Margo Arceri, who lives on the Strongs Neck side of the water where the plane crashed, said she and her neighbors jumped into action as soon as they noticed emergency vehicles making their way into the small North Shore community. Upon stepping outside Saturday night, Arceri said she watched emergency personnel pull survivors out of the water, wrap them in blankets and remove them to the nearby hospital.

As the incident unfolded, Arceri said everyone living along the shoreline did something to help, whether that meant picking up a telephone, making way for emergency responders, or even offering up their personal kayaks for rescuers to use to lift the survivors out to safety.

“Where this occurred, there are only a few homes, but instantly, the neighbors pulled together,” she said. “They say, ‘it takes a village,’ and these neighbors showed a real sense of community. We all pulled together immediately. I just wish it had a happier ending.”

One eyewitness who did not want to be named said she called the police Saturday night after watching the plane fly over her Poquott home and into the water. Seconds after hitting the water, the resident said she heard the survivors in the water yelling to each other.
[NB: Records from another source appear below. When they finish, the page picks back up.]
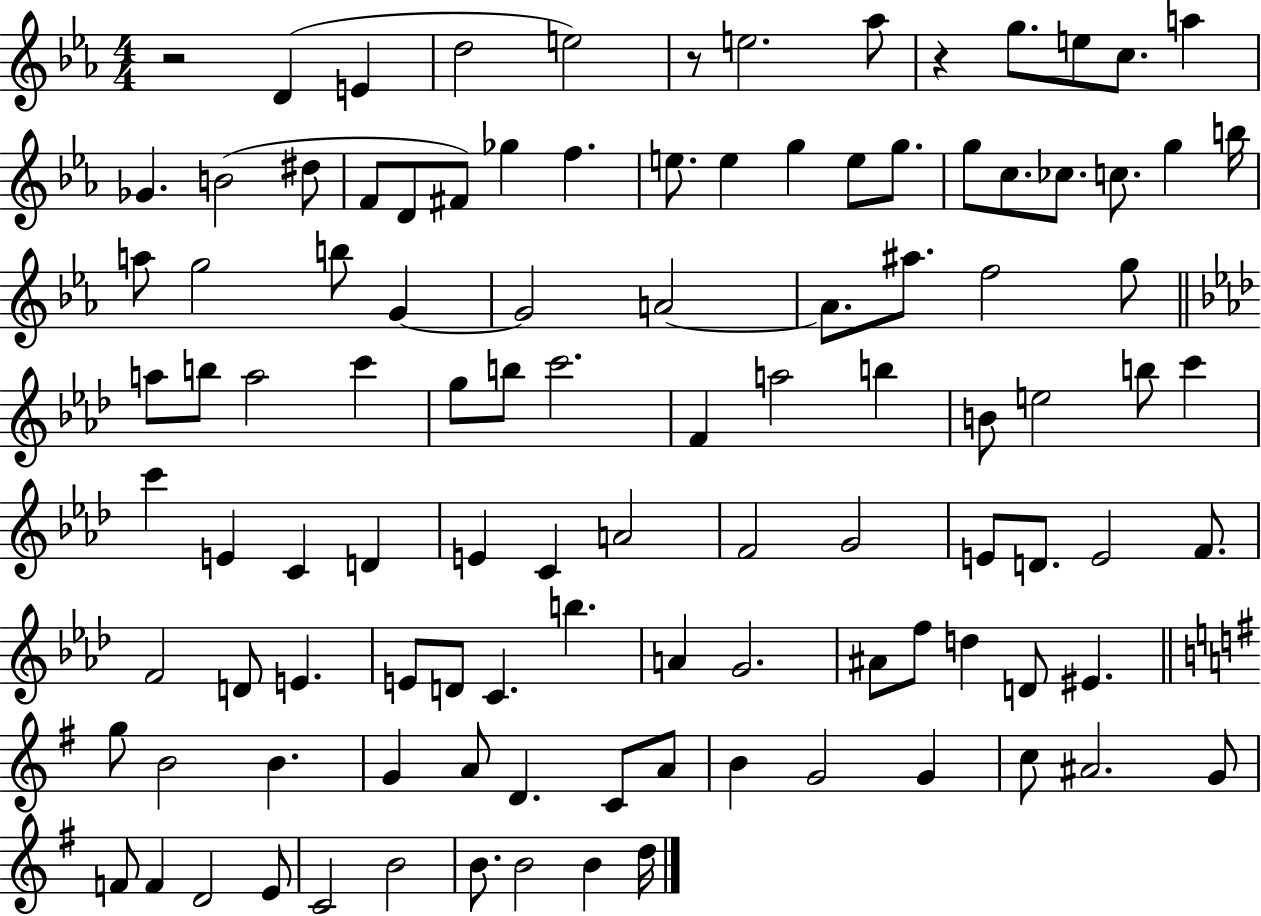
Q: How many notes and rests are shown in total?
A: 107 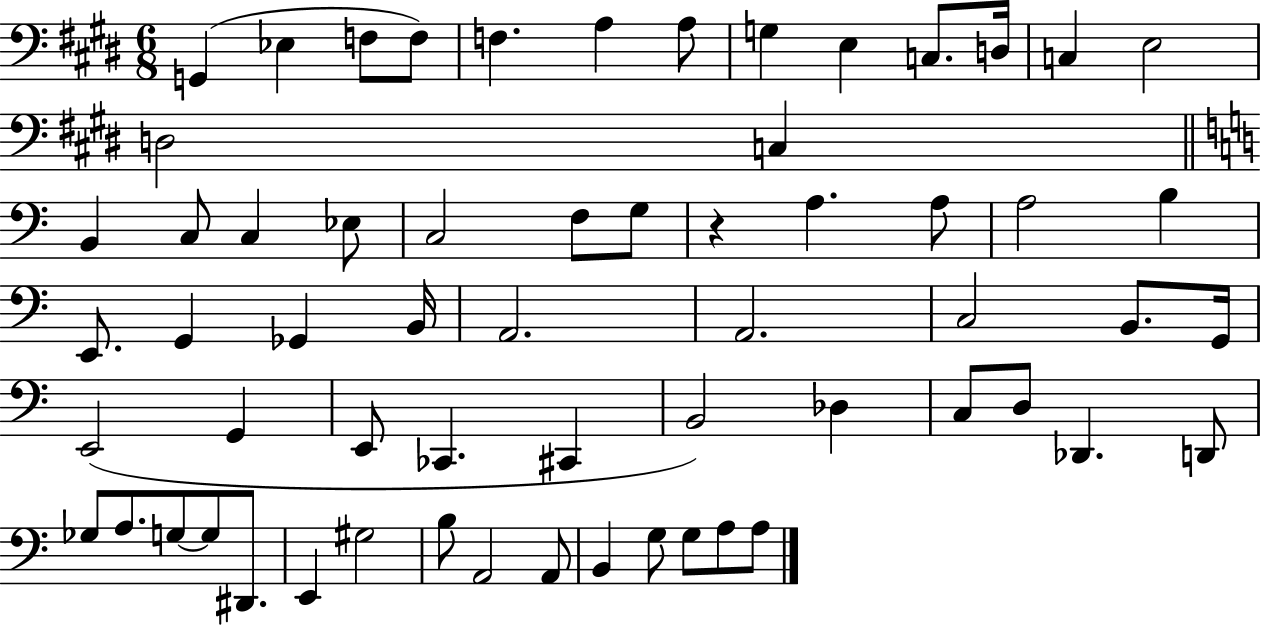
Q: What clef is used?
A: bass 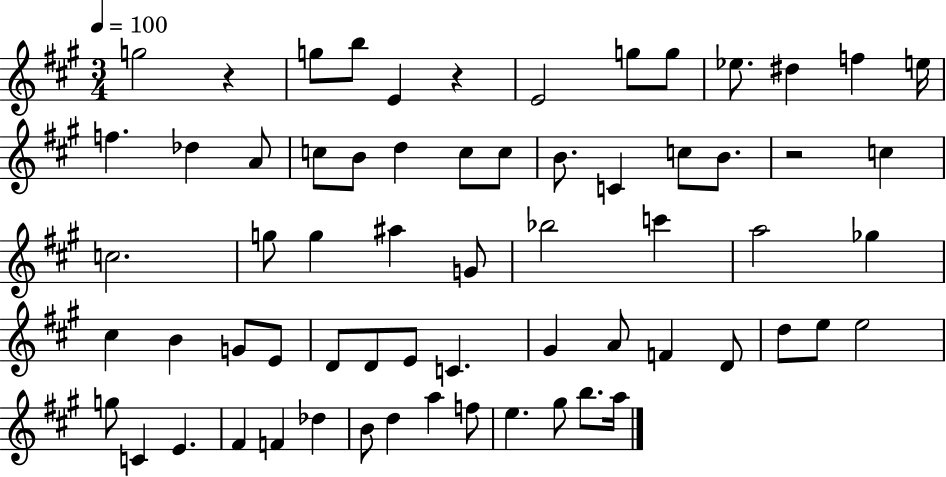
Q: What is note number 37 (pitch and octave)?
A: E4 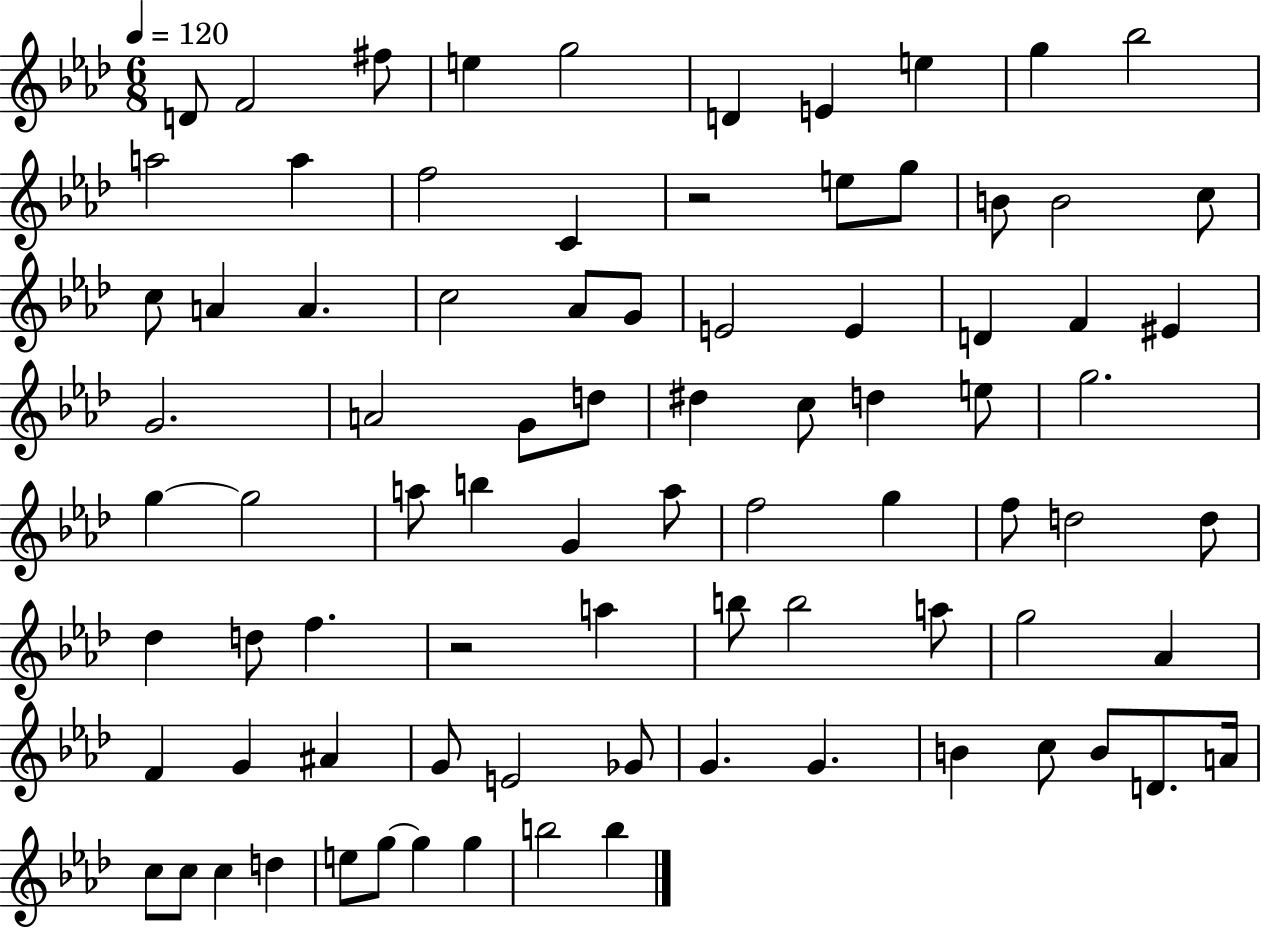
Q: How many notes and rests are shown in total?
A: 84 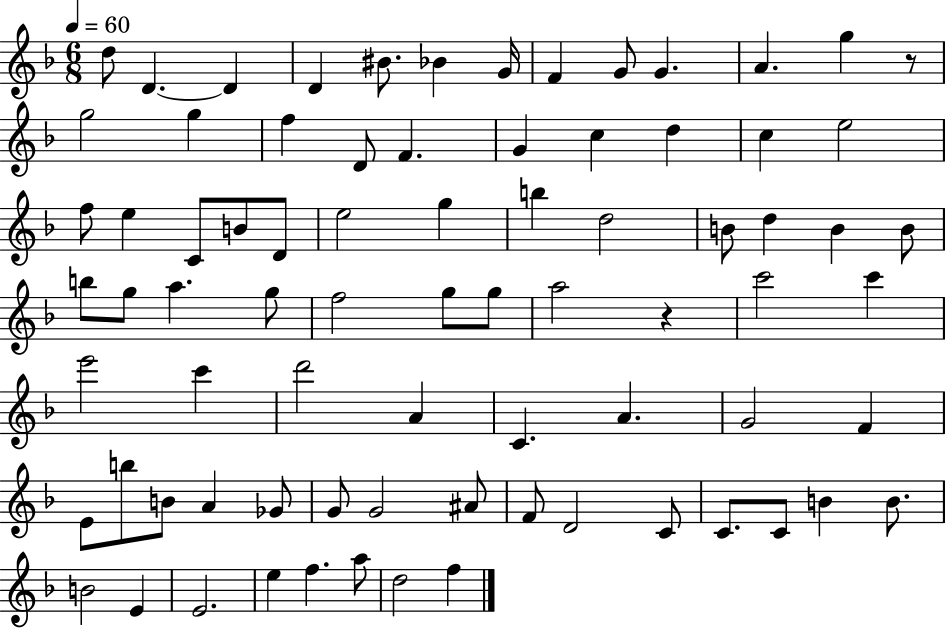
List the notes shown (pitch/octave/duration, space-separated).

D5/e D4/q. D4/q D4/q BIS4/e. Bb4/q G4/s F4/q G4/e G4/q. A4/q. G5/q R/e G5/h G5/q F5/q D4/e F4/q. G4/q C5/q D5/q C5/q E5/h F5/e E5/q C4/e B4/e D4/e E5/h G5/q B5/q D5/h B4/e D5/q B4/q B4/e B5/e G5/e A5/q. G5/e F5/h G5/e G5/e A5/h R/q C6/h C6/q E6/h C6/q D6/h A4/q C4/q. A4/q. G4/h F4/q E4/e B5/e B4/e A4/q Gb4/e G4/e G4/h A#4/e F4/e D4/h C4/e C4/e. C4/e B4/q B4/e. B4/h E4/q E4/h. E5/q F5/q. A5/e D5/h F5/q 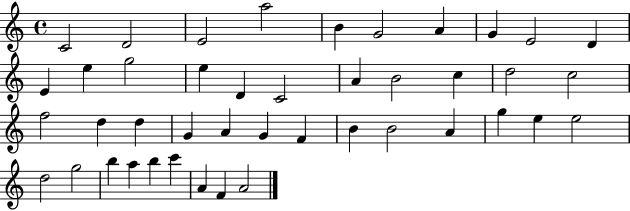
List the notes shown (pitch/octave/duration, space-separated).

C4/h D4/h E4/h A5/h B4/q G4/h A4/q G4/q E4/h D4/q E4/q E5/q G5/h E5/q D4/q C4/h A4/q B4/h C5/q D5/h C5/h F5/h D5/q D5/q G4/q A4/q G4/q F4/q B4/q B4/h A4/q G5/q E5/q E5/h D5/h G5/h B5/q A5/q B5/q C6/q A4/q F4/q A4/h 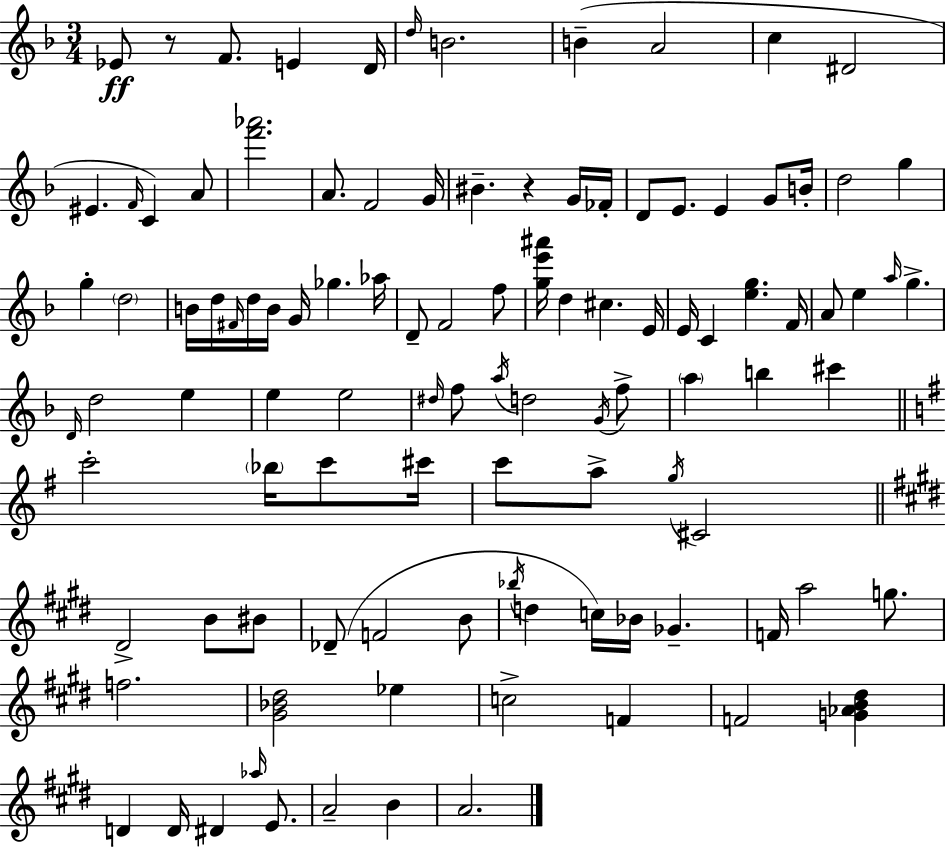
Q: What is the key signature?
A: D minor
“It sounded like they were talking to each other — not calling out for assistance. I yelled to them to ask if they needed help, but they didn’t hear me at all,” she said. “Within seconds, I saw a large helicopter overhead.”

Police arrived soon after, the woman said, and she and her husband then offered up their three personal kayaks to rescuers, who used the boats to retrieve the survivors.

“I just wish I had put the phone down and run down to the beach,” the witness said. “I just watched. I saw the lights on the plane go out. I’m having a really horrible time with this whole thing.”

A spokesman with the Federal Aviation Administration said Sunday that the plane was en route to Republic Airport in Farmingdale, after taking off from Fitchburg, Mass., but the pilot was reporting engine issues before attempting a forced landing.

Both the FAA and National Transportation Safety Board were at the scene of the crash from Saturday night into the beginning of this week to help with the search efforts, authorities said. Also helping the Suffolk County Police Department and the Coast Guard were local fire departments and the town harbormaster.